ZHPTRD (3lapack)

reduce a complex Hermitian matrix A stored in packed form to real symmetric tridiagonal form T by a unitary similarity transformation

SYNOPSIS

  SUBROUTINE ZHPTRD( UPLO, N, AP, D, E, TAU, INFO )

      CHARACTER      UPLO

      INTEGER        INFO, N

      DOUBLE         PRECISION D( * ), E( * )

      COMPLEX*16     AP( * ), TAU( * )

PURPOSE

  ZHPTRD reduces a complex Hermitian matrix A stored in packed form to real
  symmetric tridiagonal form T by a unitary similarity transformation: Q**H *
  A * Q = T.

ARGUMENTS

  UPLO    (input) CHARACTER*1
          = 'U':  Upper triangle of A is stored;
          = 'L':  Lower triangle of A is stored.

  N       (input) INTEGER
          The order of the matrix A.  N >= 0.

  AP      (input/output) COMPLEX*16 array, dimension (N*(N+1)/2)
          On entry, the upper or lower triangle of the Hermitian matrix A,
          packed columnwise in a linear array.  The j-th column of A is
          stored in the array AP as follows: if UPLO = 'U', AP(i + (j-1)*j/2)
          = A(i,j) for 1<=i<=j; if UPLO = 'L', AP(i + (j-1)*(2*n-j)/2) =
          A(i,j) for j<=i<=n.  On exit, if UPLO = 'U', the diagonal and first
          superdiagonal of A are overwritten by the corresponding elements of
          the tridiagonal matrix T, and the elements above the first
          superdiagonal, with the array TAU, represent the unitary matrix Q
          as a product of elementary reflectors; if UPLO = 'L', the diagonal
          and first subdiagonal of A are over- written by the corresponding
          elements of the tridiagonal matrix T, and the elements below the
          first subdiagonal, with the array TAU, represent the unitary matrix
          Q as a product of elementary reflectors. See Further Details.  D
          (output) DOUBLE PRECISION array, dimension (N) The diagonal
          elements of the tridiagonal matrix T: D(i) = A(i,i).

  E       (output) DOUBLE PRECISION array, dimension (N-1)
          The off-diagonal elements of the tridiagonal matrix T: E(i) =
          A(i,i+1) if UPLO = 'U', E(i) = A(i+1,i) if UPLO = 'L'.

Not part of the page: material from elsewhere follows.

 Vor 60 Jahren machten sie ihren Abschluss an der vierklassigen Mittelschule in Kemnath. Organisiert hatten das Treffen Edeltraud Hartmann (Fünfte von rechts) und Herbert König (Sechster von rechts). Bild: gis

  TAU     (output) COMPLEX*16 array, dimension (N-1)
          The scalar factors of the elementary reflectors (see Further
          Details).

  INFO    (output) INTEGER
          = 0:  successful exit
          < 0:  if INFO = -i, the i-th argument had an illegal value

FURTHER DETAILS

  If UPLO = 'U', the matrix Q is represented as a product of elementary
  reflectors

     Q = H(n-1) . . . H(2) H(1).

  Each H(i) has the form

     H(i) = I - tau * v * v'

  where tau is a complex scalar, and v is a complex vector with v(i+1:n) = 0
  and v(i) = 1; v(1:i-1) is stored on exit in AP, overwriting A(1:i-1,i+1),
  and tau is stored in TAU(i).

  If UPLO = 'L', the matrix Q is represented as a product of elementary
  reflectors

     Q = H(1) H(2) . . . H(n-1).

  Each H(i) has the form

     H(i) = I - tau * v * v'

  where tau is a complex scalar, and v is a complex vector with v(1:i) = 0
  and v(i+1) = 1; v(i+2:n) is stored on exit in AP, overwriting A(i+2:n,i),
  and tau is stored in TAU(i).